BlackRock launches iShares Nasdaq-100 ETF to rival QQQ

BlackRock on July 9 launched the iShares Nasdaq 100 ETF (IQQ), tracking the Nasdaq-100. The fund’s fee is 12 basis points, temporarily waived to 10 basis points.

BlackRock launched the iShares Nasdaq 100 ETF (IQQ) on July 9. The ETF tracks the Nasdaq-100 index and will trade on the iShares platform. The fund’s net expense ratio is 12 basis points; BlackRock is temporarily waiving two basis points, marketing the ETF at 10 basis points.

The Nasdaq-100 has large weightings in technology, consumer discretionary, healthcare and industrials. IQQ provides concentrated exposure to large-cap companies in those sectors, including firms developing artificial intelligence products and services.

Elise Terry, U.S. Head of iShares at BlackRock, described IQQ as “IQQ enhances our ability to offer investors access to the Nasdaq-100 with iShares ETFs — providing complementary strategies that allow them to align their portfolios with their objectives.” She added the ETF would be “supported by the liquidity, market quality, and scale of the iShares platform.”

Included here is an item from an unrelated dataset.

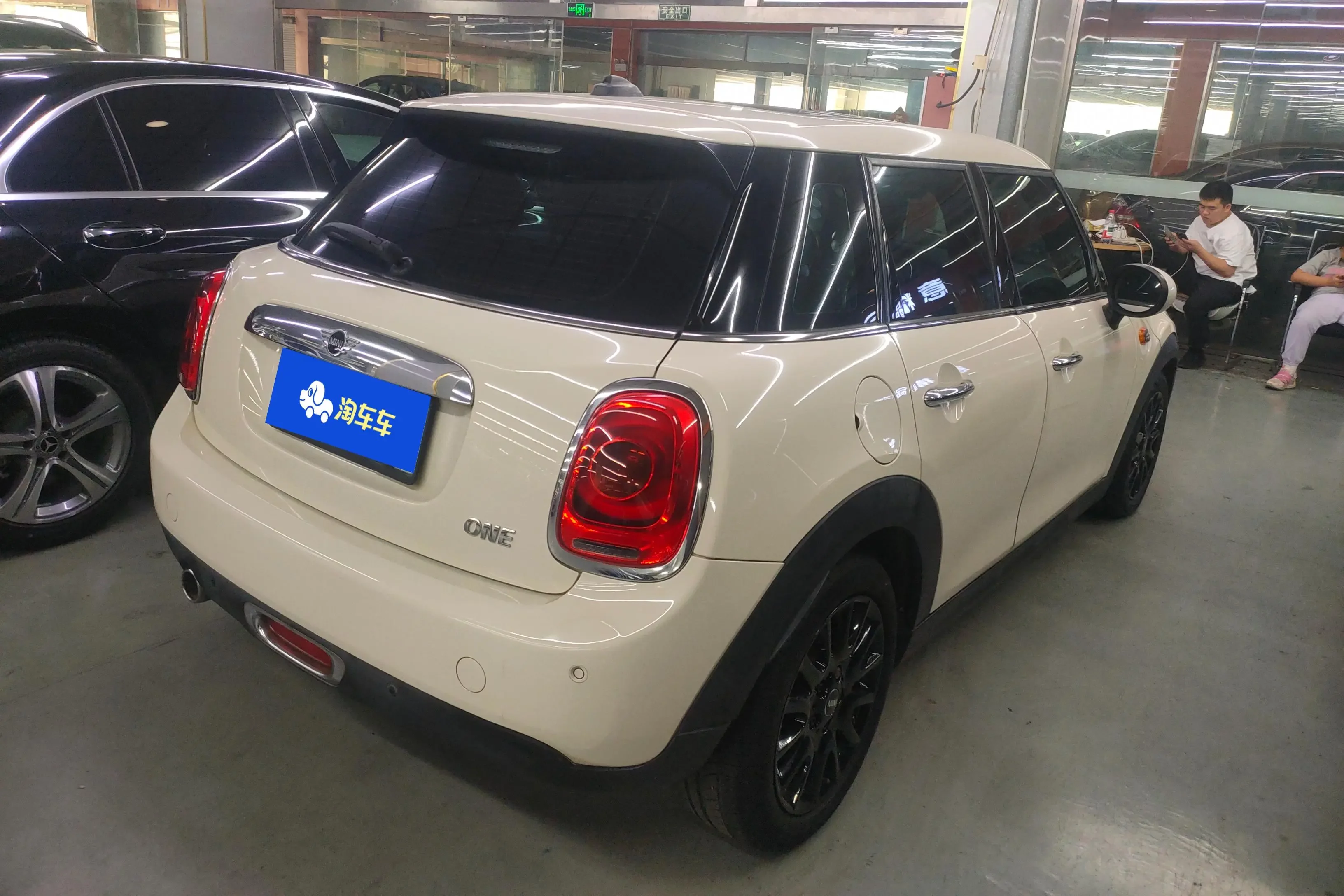 MINI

State Street launched the SPDR Portfolio Nasdaq 100 ETF (QNDX) in June. Invesco’s QQQ remains the largest Nasdaq-100 product; as of June 29, 2026, QQQ’s one-year cumulative return was 33.98%. In late 2025, QQQ converted from a unit investment trust into an open-ended ETF and trimmed its fee by two basis points.

IQQ’s fee places it in direct price competition with other Nasdaq-100 ETFs. Market participants and financial advisers will monitor fund flows, liquidity and tracking differences among IQQ, QNDX and QQQ in the coming weeks.